- [Goal of the exercise]: Copy out once more, exactly, the line with "Bed in Big BamBoo Beach Resort Sipalay" and all the lines after it, up to the last line of the data.

= = = =

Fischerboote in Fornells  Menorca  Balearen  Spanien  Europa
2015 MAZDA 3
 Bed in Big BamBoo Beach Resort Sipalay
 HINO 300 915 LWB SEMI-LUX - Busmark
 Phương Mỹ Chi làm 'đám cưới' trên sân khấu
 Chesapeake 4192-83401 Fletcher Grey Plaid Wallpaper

= = = =

- [Result of the exercise]:
 Bed in Big BamBoo Beach Resort Sipalay
 HINO 300 915 LWB SEMI-LUX - Busmark
 Phương Mỹ Chi làm 'đám cưới' trên sân khấu
 Chesapeake 4192-83401 Fletcher Grey Plaid Wallpaper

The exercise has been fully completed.